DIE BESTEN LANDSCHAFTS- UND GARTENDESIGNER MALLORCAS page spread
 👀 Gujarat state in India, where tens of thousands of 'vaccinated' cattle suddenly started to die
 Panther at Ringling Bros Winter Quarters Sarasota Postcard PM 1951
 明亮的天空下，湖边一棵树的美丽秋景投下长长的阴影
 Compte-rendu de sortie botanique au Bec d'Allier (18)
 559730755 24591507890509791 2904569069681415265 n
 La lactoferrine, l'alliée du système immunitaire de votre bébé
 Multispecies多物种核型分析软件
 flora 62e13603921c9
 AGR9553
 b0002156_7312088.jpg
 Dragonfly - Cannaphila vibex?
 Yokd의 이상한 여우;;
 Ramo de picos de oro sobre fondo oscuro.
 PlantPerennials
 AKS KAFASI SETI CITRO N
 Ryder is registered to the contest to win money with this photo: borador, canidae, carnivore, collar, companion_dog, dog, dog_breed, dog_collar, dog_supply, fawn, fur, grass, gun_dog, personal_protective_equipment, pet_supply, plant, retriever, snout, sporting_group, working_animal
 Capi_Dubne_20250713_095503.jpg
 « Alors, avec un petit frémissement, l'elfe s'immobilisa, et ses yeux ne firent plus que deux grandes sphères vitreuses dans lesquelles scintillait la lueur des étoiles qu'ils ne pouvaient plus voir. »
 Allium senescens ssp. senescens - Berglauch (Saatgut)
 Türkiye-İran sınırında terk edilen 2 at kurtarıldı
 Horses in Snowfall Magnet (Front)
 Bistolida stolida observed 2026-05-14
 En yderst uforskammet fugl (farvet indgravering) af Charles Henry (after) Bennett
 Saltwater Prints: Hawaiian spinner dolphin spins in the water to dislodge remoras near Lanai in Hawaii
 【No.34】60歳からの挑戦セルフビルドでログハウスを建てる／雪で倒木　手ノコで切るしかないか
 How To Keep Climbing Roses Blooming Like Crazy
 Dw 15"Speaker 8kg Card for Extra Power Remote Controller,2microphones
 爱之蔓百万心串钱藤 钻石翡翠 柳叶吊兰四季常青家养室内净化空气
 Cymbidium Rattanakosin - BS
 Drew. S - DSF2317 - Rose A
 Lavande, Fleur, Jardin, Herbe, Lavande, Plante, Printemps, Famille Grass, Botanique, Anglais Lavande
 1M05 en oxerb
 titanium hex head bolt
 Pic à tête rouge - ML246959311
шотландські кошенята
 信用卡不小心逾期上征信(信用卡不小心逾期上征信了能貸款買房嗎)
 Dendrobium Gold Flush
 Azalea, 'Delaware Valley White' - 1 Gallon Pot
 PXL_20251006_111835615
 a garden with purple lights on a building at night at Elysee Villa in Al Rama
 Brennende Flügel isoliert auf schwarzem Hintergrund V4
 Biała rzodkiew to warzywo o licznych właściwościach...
☆ ☆ ☆ ☆ ☆ ☆ ☆
What you have to do: Check each line of the listing above for the string "with", then please give the number of lines where it appears and nothing else.

Result for this exercise: 2